Idea Generation for all of the abilities functioning within this society.

Idea Generation for all of the abilities functioning within this society.

After narrowing down what all of the abilities within this society would be, I made a few storyboard-like sketches to showcase these mechanics individually within the game. The illustrations below do not really show how they would work in combination with each other, but the main idea is that these would be used to navigate through the environment. Additionally, levels would be designed in such a way that a multitude of combinations of abilities could solve the problem, resulting in a series of different approaches to the same situation. I have also explored a few different versions of some of these abilities, as I have yet to fully make my mind up about how they would function within the game. In any case, this would be something to explore within my prototypes over the coming week.


Thoughts and Reflection

So far, this is definitely my favourite idea as it seems the most fun, it connects the best to my research, and overall has the potential to achieve all of the goals I want it to. I have yet to decide whether this experience would take place in three-dimensional or two-dimensional space as both have their pros and cons. If I make this a two-dimensional game, it would incorporate a lot of the things I am interested in, such as perspective and what type of information gets lost within perspective. My only reservation about making it two-dimensional is that I am not fully certain how to make it an exciting puzzle-solving experience that does not entirely rely on traditional platforming techniques. Whereas if I were to make the project three-dimensional, I would be making the idea slightly more generic and it may lose some of its mathematical flare, however, it is practically guaranteed to work efficiently. Overall, I am quite confident I will be taking this idea forward, at this stage it is only a matter of time to try and figure out how to present it. Hopefully some feedback from the presentations next week will help me get that clarified.

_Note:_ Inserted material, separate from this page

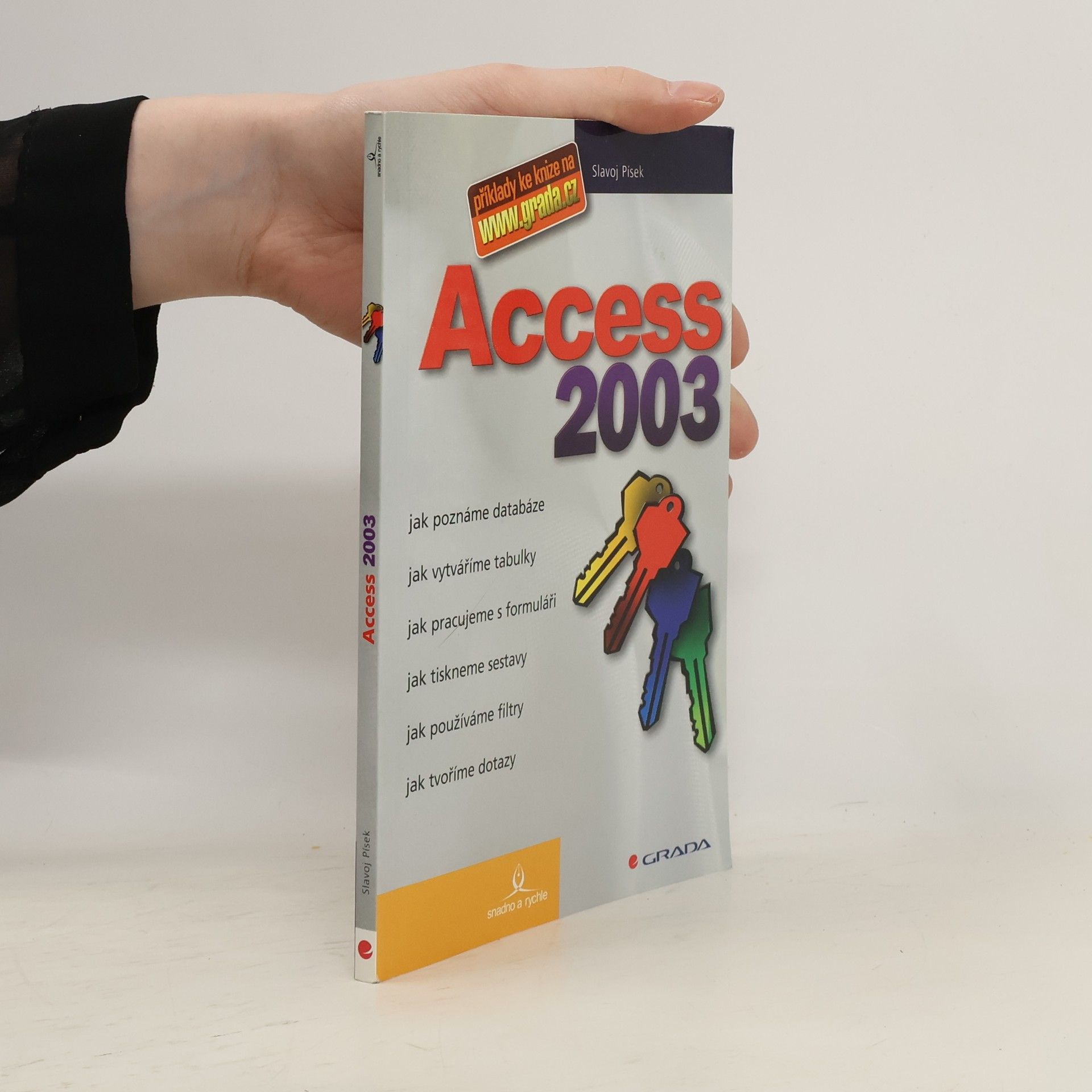 Slavoj Písek Access 2003. Jak poznáme databáze, jak vytváříme tabulky, jak pracujeme s formuláři, jak tiskneme sestavy, jak používáme filtry, jak tvoříme dotazy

Week 7: Project Proposal 3 by Valzorra


During our lecture on Markov Chains, James mentioned that they are primarily used in the fields of Marketing, Software Engineering, and Computer Science and have not necessarily been explored to their full potential in video games. That’s why I would be interested in creating a game which heavily features Markov Chains and individualised AI in its algorithms. That way the player would have a unique experience with the game, as its AI will continuously change based on their actions. For example, enemies may record and observe how the player behaves in order to predict their movements and become better managing them, which would involve Machine Learning, an area that I find rather exciting. Similarly, if the player happens to consistently overpower challenges set out within the game, enemies may become more vigilant and careful around them. The project would be all about adaptability of the AI and crafting a personalised experience based on what the user does, not dissimilar thematically to Project Proposal 2. Although there could be potential ethical considerations that might prevent this from happening, implementing some of James’s work on emotive AI into such a project might result in an interesting and unpredictable experience.

Project Overview  

I have always been fascinated by Edgar Allan Poe’s The Raven, which I briefly analysed in Week 3: Research on Poetry, and I believe some of the poem’s themes would connect perfectly with the idea of an individualised, possibly emotive AI. It deals with universal themes like consciousness, handling emotion, overcoming challenges, grief, loss, whether or not the mind and senses can be trusted and many more. Those themes in combination with my desire to create individualised AI, made me come up with the idea of a horror experience loosely based on Poe’s work where the main antagonists are seemingly unpredictable NPCs, whose personalities and behaviour would be dictated by Markov Chains. Additionally, what would make this experience even more impactful would be to design it for Virtual Reality as the medium would increase player immersion, thus making the characters seem more real.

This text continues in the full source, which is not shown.